Engineers and economists agree that control is necessary to manage the impact of DERs on the grid. They also agree that a certain amount of control and coordination is necessary to manage DERs in a market. But uncertainty exists about when and where the need for control arises for both system operations and market operations. Do these functions require separate devices, or can they be accomplished through the right combination of software and hardware? When these questions are layered with questions about what should be market-driven coordination, as opposed to an autonomous device response, or with a customer’s decision about how to use the device and when, things really start to get interesting.
7. Customer Engagement
While it’s easy to get excited about all this discussion about DSOs and non-wires alternatives, the stark reality is that customer participation in most traditional utility demand-side management (DSM) programs still remains in the single digits. Adoption of rooftop solar and EVs also remains in the single digits in most parts of the country. If we’re going to see DERs truly realize their potential to operate as a grid resource that utilities, system operators, and regulators plan for and rely on, then 2017 needs to be the year that we kick our customer engagement into high gear.
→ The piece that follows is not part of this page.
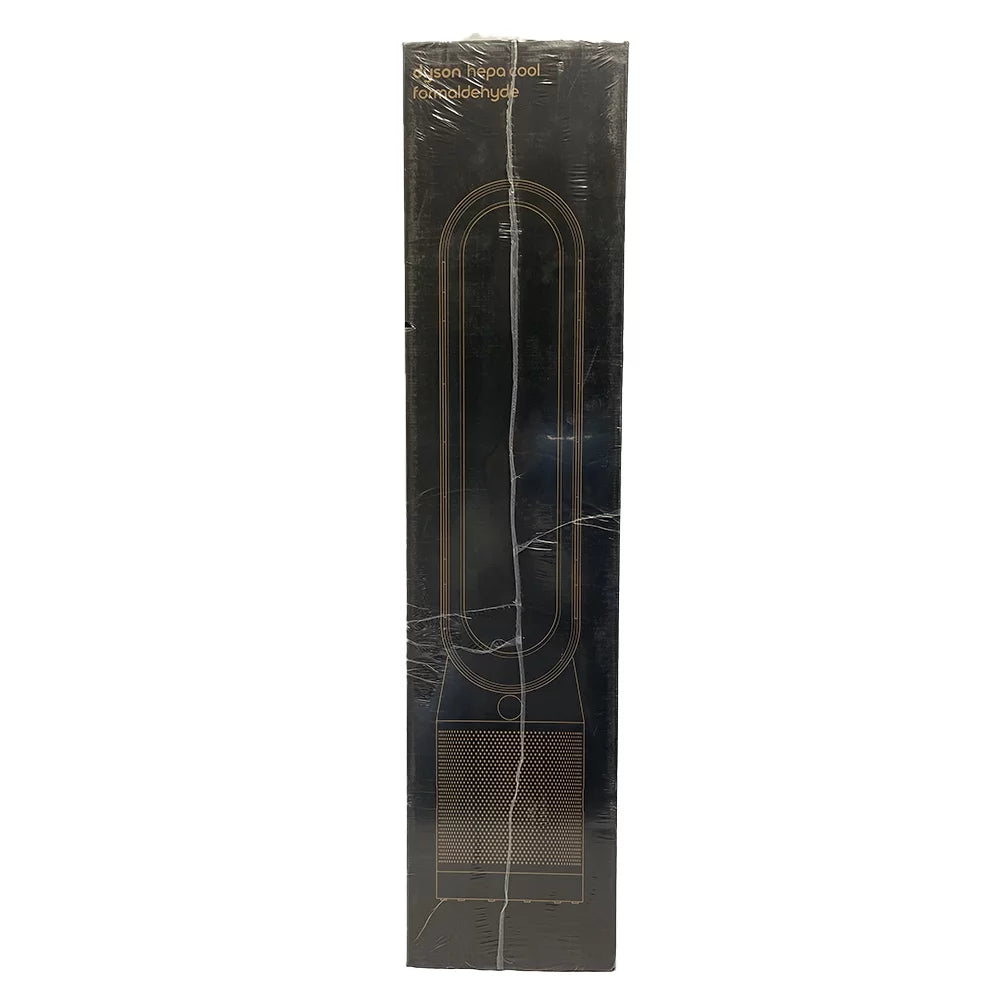 Purifier Cool Formaldehyde D165159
The next generation of customer engagement can start by thinking about “customers” and not “ratepayers,” experience as well as energy use, and value versus costs. We’re seeing new models emerge that leverage customer segmentation and consumer marketing analytics to drive DER adoption based on real customer needs; that increase customer trust by providing clear, easy-to-understand quote comparisons; and that cut through bureaucratic red tape to deliver a seamless customer experience.
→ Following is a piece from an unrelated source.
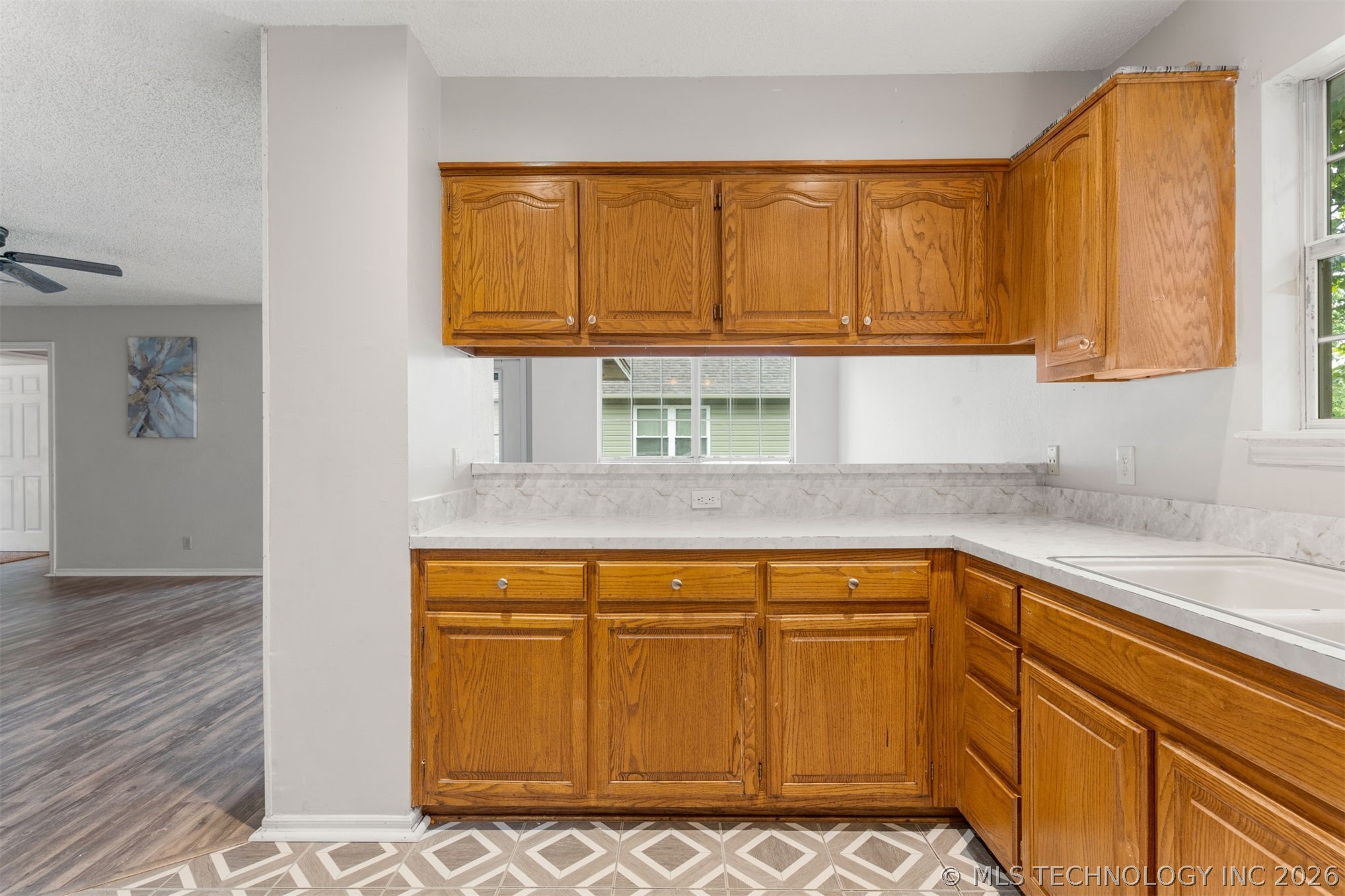 2317 SW Quail Run Drive Claremore OK 74019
8. DERs for Low- and Moderate-Income Customers
When thinking about the role customers can and will play in the grid of the future, it’s important that we remember our low- and moderate-income customers, those who often face the greatest risks with the fewest resources to adapt to a changing energy landscape. For years, regulators have ensured that energy costs do not become an undue financial burden to low- and moderate-income (LMI) customers by providing special credits, subsidies, or rates to these customers, as well as by ensuring that utility investments are fair, justifiable, and reasonable.
In 2017, with the decrease in the costs of DERs coupled with smartphone-enabled engagement pathways (including pay-by-phone, electronic billing, and pre-pay), utilities, regulators, and others are revisiting whether they can serve these customers better with DERs than with subsidies. Doing so would simultaneously reduce costs while also improving customer metrics, including a declining energy footprint.
These eight opportunities and challenges are center stage for RMI and eLab network members. In the weeks ahead, we’ll share with you their insights and their accomplishments on these issues, as well as the other solutions we’re working to co-create through eLab as we transform the U.S. electricity system.